In God in Gujarat, Rushdie writes: How well, with what fatal results, religion erects totems, and how willing we are to kill for them! And when we’ve done it often enough, the deadening of affect that results makes it easier to do it again . . . What happened in India, happened in God’s name. The problem’s name is God.

One is reminded that this particular problem dogged Rushdie for ten horrendous years. Ten Years of the Fatwa is a mildly irate essay which touches but lightly on his outrage. For how can I explain to strangers my sense of violation? For us, the strangers, there are gifts instead: The best defence of literary freedoms lies in their exercise, in continuing to make untrammelled, uncowed books.

Those of us refuseniks, the odd million or so, who won’t buy into a Paradise balkanized by warring Gods, can take heart from A Commencement Address for Bard College, NY, a neat analysis of hubris, and Imagine There is No Heaven, a letter to the world’s six billionth citizen. They are the most passionate essays in the book. To borrow a phrase from Saul Bellow, Salman Rushdie is not a writer who wears a condom on his heart.

There are joyous essays in this book, yeasty, exuberant, table-thumping essays. And the scholarly. There’s one on, Influence, newly relevant as we wonder if Yann Martel’s Booker Prize winning novel Life of Pi wasn’t once Max and The Cats written by Brazilian Moacyr Scliar. There’s even –for those who missed it the first time round –‘Damme this is The Oriental Scene for You!’– his essay on Indian writing that provoked more bile than ink.

But this book is anchored by its title essay, an elegant exploration of the idea of transgression. Beginning with parables, The Conference of Birds and Doris Lessing’s sci-fi novel The Making of the Representative for Planet 8, Rushdie defines the journey towards the frontier, drawing on songs –Cavafy’s Ithaka and Kerouac’s On the Road. And the frontier itself, is shifting, disputatious. For all their permeability, the borders snaking cross the world have never been of greater importance. This is the dance of history in our age; slow, slow, quick, quick, slow, back and forth and from side to side, we step across these fixed and shifting lines.
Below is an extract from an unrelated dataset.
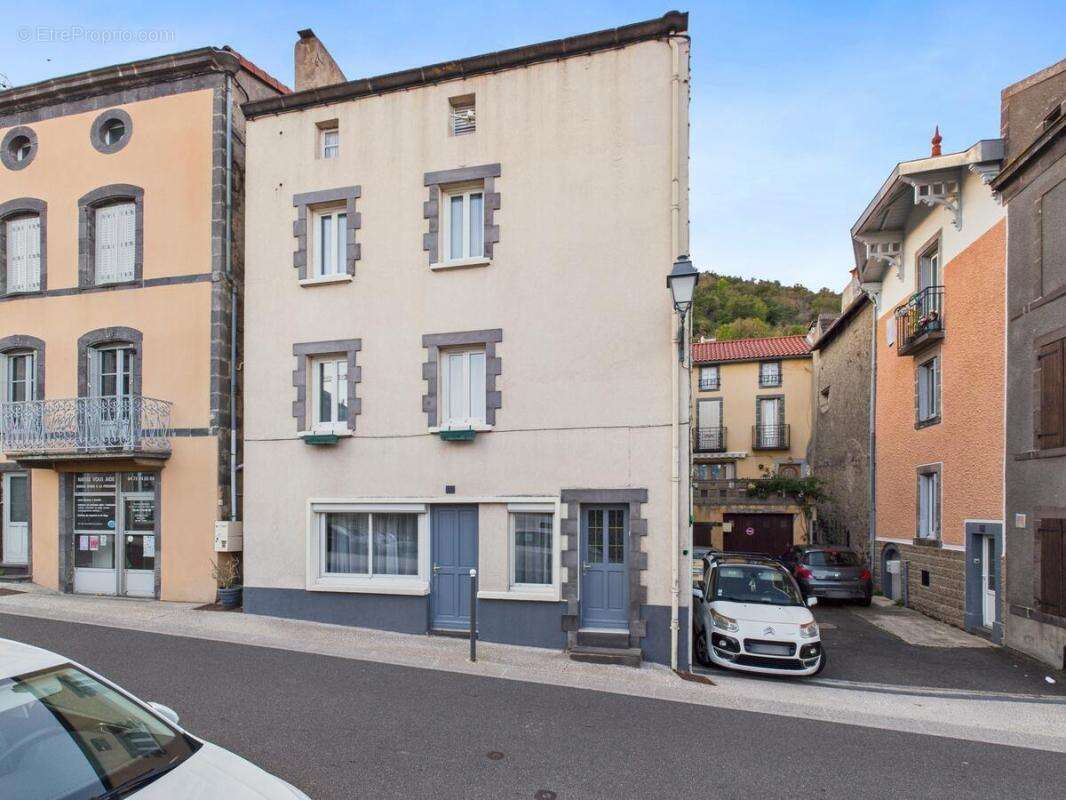 Maison à VOLVIC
Of his childhood memory of Faiz Ahmad Faiz he writes –draw a line in the sand and Faiz would feel intellectually obliged to step across it. This last part of Step Across This Line examines transgression in its literal sense, the lines we cross in translations, dreams, prophecies, and art. This essay ends with a disturbing question: Will we become the suits of armour our fear makes us put on, or will we be ourselves?

This book is Rushdie’s answer to his own question.

Like the annular age of a tree, a writer’s work dates his growth. These essays are the growth rings of a decade in a life of writing.